In Season 6, while in labor, Jackie is shocked when Bev reveals Jackie's birth name is actually Marjorie; the family began calling her Jackie because Roseanne, unable to pronounce the name Marjorie, instead called her baby sister "my Jackie". But in Season 10, Jackie introduces herself to Andrea, the woman looking to hire Becky as her surrogate, as Jacqueline. Despite Jackie's apparent flightiness in the early episodes, she is actually the backbone of the Conner/Harris family in many ways, as Roseanne admits in the last episode of Season 9, and which also reveals that Jackie, not Bev, had come out as a lesbian during the final season and that Roseanne knew, but had just always pictured her with a man.

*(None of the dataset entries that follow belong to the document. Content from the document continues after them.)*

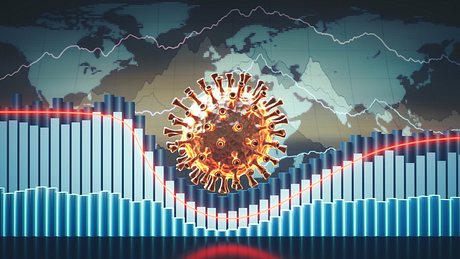 Illustration der Entwicklung der Corona-Infektionszahlen - Foto: istock_matejmo Illustration der Entwicklung der Corona-Infektionszahlen - Foto: istock_matejmo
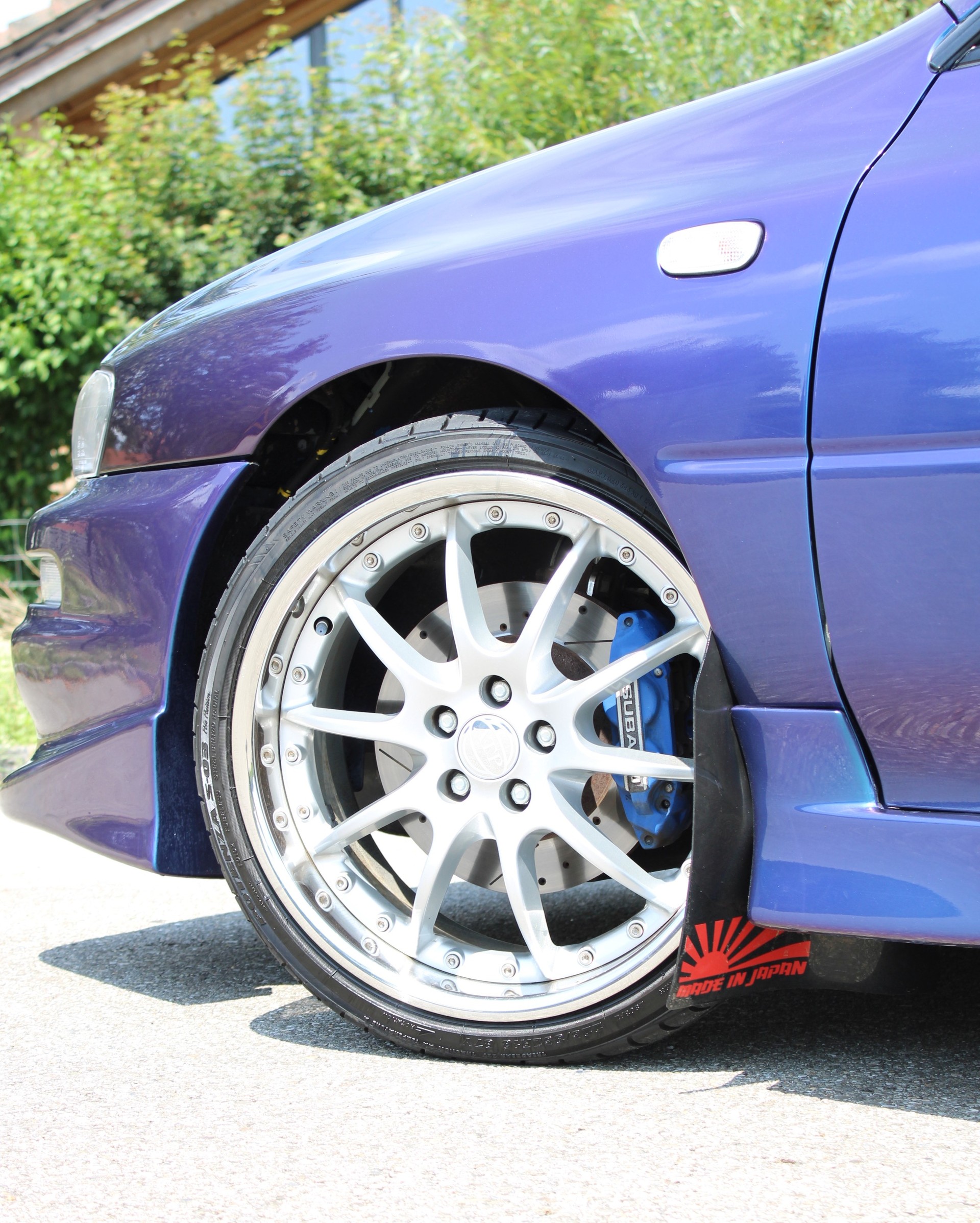SUBARU Impreza 2.0 Turbo-image-8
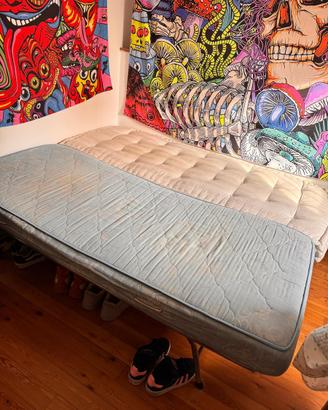 SENZA PAGARE letto matrimoniale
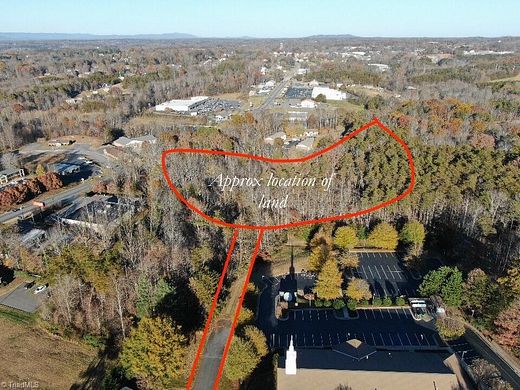 18.9 Acres of Mixed-Use Land for Sale in Pilot Mountain, North Carolina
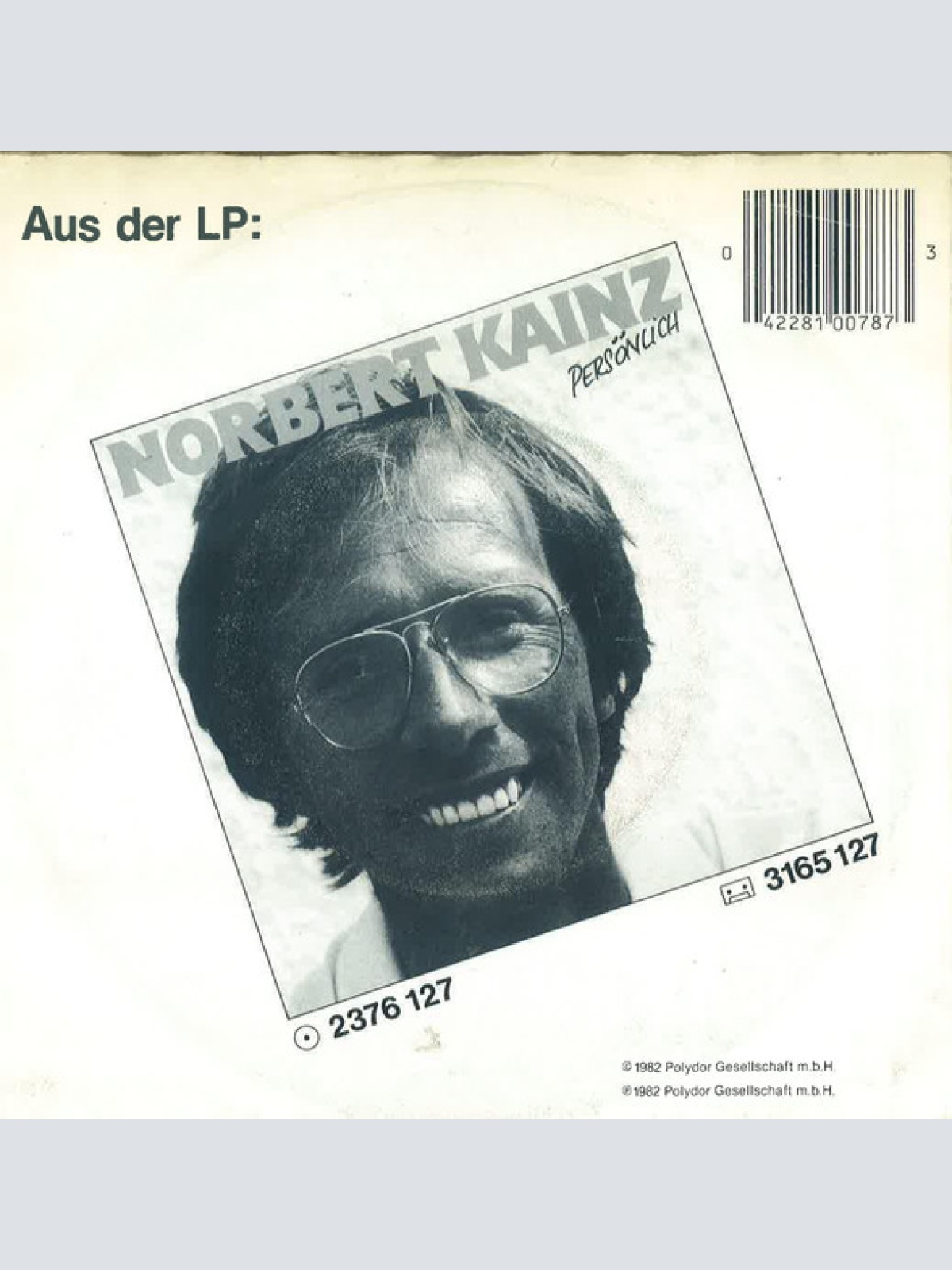 Vinyl / Norbert Kainz - Adonis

===Darlene Conner-Olinsky===
Darlene Conner-Olinsky is played by Sara Gilbert. She is Dan and Roseanne's second child and younger daughter, born in 1977. Darlene, who has inherited her mother's acerbic sense of humor, is artistic, tomboyish, and socially awkward. In the early seasons, Darlene mostly focuses on sports and, though highly intelligent, underperforms academically. She often mocks her older sister Becky for being a model student, her feminine pursuits, and for chasing boys. As a teenager, Darlene grows increasingly moody and withdrawn, her malaise gradually leading to a brief bout of depression. She is a strong animal rights activist and becomes a vegetarian, which closely reflects Gilbert's real-life views. In middle school, Darlene is generally uninterested in boys though she has a few dates. As a high school freshman, she begins dating David Healy (called Kevin Healy in his first appearance, though the name was changed). David (Johnny Galecki) is the younger brother of Becky's punk boyfriend (later husband) Mark. Darlene is sarcastic and domineering like her mother, often causing the two to clash. Her strong personality dominates the meek David, who usually defers to her. Darlene is a talented aspiring writer and David is a budding graphic artist, leading them to collaborate on a graphic novel.

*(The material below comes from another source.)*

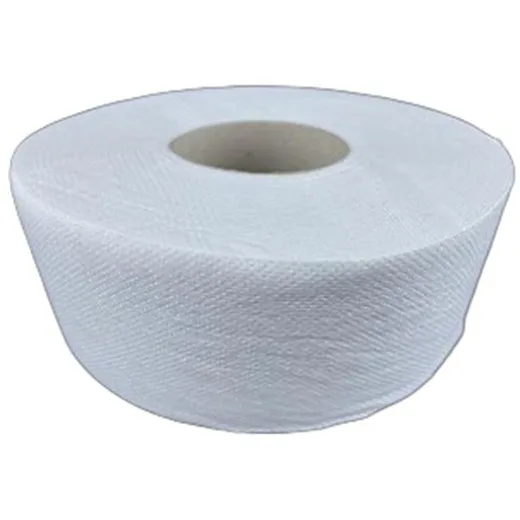 Toaletný papier, 3 vrstvy, veľký kotúč, 88 m, priemer 17,5 cm, snehobiely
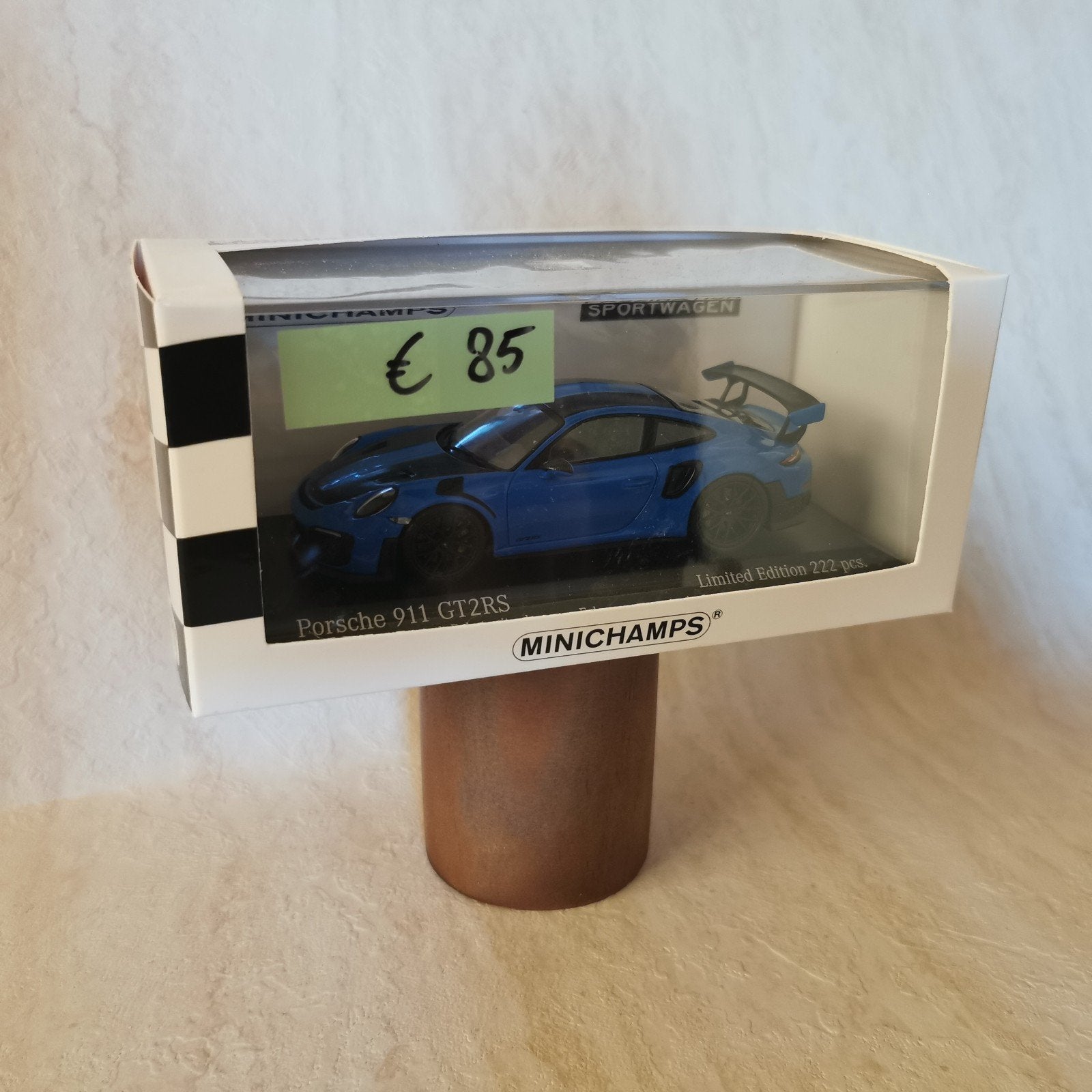 Minichamps Porsche 911 GT2 RS Voodoo - Schaal 1:43, Ophalen of Verzenden, Nieuw, Auto, MiniChamps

Darlene's goal is to become a professional writer and is talented enough to be awarded early admission and a scholarship to an arts college in Chicago. After David's application to the same school is declined, he wants Darlene to remain in Lanford. Roseanne says Darlene must first finish high school, but after learning David threatened to break up with her if she goes, she demands Darlene attend, giving Darlene an opportunity to become the writer Roseanne wanted to be. Darlene, who had decided not to attend, reveals her real reason for declining admission is because she fears failing, but finally agrees to go. At college, Darlene begins dating Jimmy while still seeing David, who initially accepts this arrangement in order to be with Darlene. When he later demands she choose between them, Darlene chooses Jimmy, though he later breaks off their relationship due to Darlene's inability to be close. Darlene realizes she still loves David and they reconcile. Darlene and David marry after Darlene becomes pregnant, giving birth to a daughter, Harris Conner-Healy. Harris is born three months premature and David and Darlene must decide whether or not to keep her on life support or allow nature to determine her fate. Harris proves strong enough to survive on her own. In the final episode of Season 9, it is revealed that Darlene was actually dating Mark, and Becky was with David, though Roseanne had written in her book that Darlene being with David made more sense. However, by the start of Season 10, which takes place twenty years later, this revelation has been retconned out of existence.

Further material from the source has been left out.